Required work >> Below are the records; output them exactly from the first line through the line with "a building with a", stopping there.

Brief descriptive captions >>
-- Opening Marker --
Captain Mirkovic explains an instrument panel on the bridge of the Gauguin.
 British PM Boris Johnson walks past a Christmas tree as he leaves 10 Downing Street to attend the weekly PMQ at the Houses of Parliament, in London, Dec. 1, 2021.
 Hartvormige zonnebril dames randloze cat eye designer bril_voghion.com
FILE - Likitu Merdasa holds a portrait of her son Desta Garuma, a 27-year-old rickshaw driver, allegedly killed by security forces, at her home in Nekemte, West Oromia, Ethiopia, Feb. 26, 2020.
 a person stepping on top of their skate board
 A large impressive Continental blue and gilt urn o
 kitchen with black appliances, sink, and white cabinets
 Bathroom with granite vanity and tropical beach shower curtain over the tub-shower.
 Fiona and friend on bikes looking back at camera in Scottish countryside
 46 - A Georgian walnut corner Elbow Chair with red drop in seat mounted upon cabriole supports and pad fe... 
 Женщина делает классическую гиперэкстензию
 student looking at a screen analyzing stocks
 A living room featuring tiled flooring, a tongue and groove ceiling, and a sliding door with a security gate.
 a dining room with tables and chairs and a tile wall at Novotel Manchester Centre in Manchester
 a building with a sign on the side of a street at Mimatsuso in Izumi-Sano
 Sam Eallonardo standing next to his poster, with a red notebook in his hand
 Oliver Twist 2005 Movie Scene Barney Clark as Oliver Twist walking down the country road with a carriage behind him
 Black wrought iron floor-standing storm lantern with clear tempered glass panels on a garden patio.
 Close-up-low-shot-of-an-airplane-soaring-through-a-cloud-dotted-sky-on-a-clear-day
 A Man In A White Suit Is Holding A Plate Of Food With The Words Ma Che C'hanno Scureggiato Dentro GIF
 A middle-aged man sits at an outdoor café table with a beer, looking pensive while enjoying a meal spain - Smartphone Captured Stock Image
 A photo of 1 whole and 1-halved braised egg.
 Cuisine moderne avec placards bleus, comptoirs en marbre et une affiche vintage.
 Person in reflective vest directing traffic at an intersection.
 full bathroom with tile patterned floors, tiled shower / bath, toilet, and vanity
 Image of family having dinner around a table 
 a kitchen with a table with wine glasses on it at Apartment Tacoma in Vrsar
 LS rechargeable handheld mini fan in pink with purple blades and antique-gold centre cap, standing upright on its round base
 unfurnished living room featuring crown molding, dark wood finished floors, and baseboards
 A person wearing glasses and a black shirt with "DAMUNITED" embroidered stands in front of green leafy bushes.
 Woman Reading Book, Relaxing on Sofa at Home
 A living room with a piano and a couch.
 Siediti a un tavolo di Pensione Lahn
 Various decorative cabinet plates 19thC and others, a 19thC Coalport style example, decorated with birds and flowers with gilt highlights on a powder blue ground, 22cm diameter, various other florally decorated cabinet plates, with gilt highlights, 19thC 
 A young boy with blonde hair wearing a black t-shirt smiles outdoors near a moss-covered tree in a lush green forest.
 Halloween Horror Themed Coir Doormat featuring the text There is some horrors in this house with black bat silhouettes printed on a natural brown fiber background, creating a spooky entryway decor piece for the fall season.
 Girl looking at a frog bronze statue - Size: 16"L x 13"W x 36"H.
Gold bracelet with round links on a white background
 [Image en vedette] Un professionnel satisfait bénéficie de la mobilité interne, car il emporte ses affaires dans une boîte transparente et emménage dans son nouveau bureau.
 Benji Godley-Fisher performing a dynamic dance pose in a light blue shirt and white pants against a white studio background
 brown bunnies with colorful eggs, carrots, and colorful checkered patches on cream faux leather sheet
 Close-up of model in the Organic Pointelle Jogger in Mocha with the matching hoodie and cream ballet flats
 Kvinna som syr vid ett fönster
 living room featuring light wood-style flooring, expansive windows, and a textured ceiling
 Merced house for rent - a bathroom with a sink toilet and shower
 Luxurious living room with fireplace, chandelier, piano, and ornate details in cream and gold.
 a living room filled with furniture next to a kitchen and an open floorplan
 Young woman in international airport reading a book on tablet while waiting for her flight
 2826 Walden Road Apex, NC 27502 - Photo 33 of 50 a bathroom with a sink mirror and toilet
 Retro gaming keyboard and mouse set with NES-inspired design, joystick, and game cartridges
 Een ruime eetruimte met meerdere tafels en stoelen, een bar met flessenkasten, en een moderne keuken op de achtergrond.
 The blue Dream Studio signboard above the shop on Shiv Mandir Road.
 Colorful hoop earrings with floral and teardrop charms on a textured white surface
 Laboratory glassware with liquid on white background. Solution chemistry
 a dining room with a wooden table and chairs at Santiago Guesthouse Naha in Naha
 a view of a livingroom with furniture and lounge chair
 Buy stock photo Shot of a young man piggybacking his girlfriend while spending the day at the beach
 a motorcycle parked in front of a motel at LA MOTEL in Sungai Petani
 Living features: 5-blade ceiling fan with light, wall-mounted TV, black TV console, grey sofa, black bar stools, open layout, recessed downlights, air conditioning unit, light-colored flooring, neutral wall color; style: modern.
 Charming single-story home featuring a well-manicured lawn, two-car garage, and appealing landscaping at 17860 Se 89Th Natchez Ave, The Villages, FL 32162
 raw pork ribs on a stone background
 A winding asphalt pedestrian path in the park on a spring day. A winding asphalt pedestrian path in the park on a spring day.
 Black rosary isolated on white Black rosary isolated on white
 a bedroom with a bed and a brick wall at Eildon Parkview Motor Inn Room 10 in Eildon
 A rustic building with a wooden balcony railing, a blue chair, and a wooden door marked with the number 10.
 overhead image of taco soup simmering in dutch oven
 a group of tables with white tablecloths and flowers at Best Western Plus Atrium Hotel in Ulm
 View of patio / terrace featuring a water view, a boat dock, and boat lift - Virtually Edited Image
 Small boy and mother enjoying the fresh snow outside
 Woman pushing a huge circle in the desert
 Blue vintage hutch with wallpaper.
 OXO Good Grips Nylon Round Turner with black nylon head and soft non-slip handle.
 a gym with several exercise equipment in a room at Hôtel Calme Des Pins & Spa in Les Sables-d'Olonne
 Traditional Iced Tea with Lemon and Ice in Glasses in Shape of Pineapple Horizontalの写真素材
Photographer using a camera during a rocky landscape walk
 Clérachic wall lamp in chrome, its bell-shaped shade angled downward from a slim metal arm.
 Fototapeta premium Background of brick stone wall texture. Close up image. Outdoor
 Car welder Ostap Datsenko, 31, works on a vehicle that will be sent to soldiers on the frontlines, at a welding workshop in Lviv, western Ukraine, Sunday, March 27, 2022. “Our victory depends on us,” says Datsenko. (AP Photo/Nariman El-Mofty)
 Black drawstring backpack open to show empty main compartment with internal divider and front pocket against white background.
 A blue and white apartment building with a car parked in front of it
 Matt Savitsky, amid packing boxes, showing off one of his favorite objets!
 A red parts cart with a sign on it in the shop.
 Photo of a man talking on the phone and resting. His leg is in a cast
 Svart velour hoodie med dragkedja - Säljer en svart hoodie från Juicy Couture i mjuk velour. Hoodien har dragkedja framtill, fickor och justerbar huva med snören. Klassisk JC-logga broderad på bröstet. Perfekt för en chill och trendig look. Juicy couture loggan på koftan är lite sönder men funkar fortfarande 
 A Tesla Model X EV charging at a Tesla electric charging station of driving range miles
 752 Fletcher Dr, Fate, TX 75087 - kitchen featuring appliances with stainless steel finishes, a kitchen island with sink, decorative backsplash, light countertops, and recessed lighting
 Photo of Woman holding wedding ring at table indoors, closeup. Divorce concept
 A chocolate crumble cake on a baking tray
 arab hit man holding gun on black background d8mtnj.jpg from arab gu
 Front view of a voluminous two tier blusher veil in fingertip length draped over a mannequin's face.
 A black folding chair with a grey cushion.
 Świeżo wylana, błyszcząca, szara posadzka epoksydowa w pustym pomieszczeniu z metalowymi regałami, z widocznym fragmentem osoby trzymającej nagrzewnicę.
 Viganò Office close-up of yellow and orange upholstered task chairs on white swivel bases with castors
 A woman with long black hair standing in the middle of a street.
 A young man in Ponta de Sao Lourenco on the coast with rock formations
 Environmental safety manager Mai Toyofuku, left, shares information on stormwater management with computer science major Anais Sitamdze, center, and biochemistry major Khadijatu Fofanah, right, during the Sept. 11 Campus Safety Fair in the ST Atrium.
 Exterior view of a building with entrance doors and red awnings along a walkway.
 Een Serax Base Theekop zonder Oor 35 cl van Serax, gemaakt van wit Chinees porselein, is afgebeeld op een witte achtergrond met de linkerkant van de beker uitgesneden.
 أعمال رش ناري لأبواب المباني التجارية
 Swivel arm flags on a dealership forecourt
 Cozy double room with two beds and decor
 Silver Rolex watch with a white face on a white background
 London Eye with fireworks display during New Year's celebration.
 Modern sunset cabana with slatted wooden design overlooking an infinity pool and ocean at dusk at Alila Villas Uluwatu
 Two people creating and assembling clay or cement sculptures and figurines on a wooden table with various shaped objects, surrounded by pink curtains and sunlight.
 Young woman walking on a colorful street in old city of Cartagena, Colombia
-- Closing Marker --
Result >>
Captain Mirkovic explains an instrument panel on the bridge of the Gauguin.
 British PM Boris Johnson walks past a Christmas tree as he leaves 10 Downing Street to attend the weekly PMQ at the Houses of Parliament, in London, Dec. 1, 2021.
 Hartvormige zonnebril dames randloze cat eye designer bril_voghion.com
FILE - Likitu Merdasa holds a portrait of her son Desta Garuma, a 27-year-old rickshaw driver, allegedly killed by security forces, at her home in Nekemte, West Oromia, Ethiopia, Feb. 26, 2020.
 a person stepping on top of their skate board
 A large impressive Continental blue and gilt urn o
 kitchen with black appliances, sink, and white cabinets
 Bathroom with granite vanity and tropical beach shower curtain over the tub-shower.
 Fiona and friend on bikes looking back at camera in Scottish countryside
 46 - A Georgian walnut corner Elbow Chair with red drop in seat mounted upon cabriole supports and pad fe... 
 Женщина делает классическую гиперэкстензию
 student looking at a screen analyzing stocks
 A living room featuring tiled flooring, a tongue and groove ceiling, and a sliding door with a security gate.
 a dining room with tables and chairs and a tile wall at Novotel Manchester Centre in Manchester
 a building with a sign on the side of a street at Mimatsuso in Izumi-Sano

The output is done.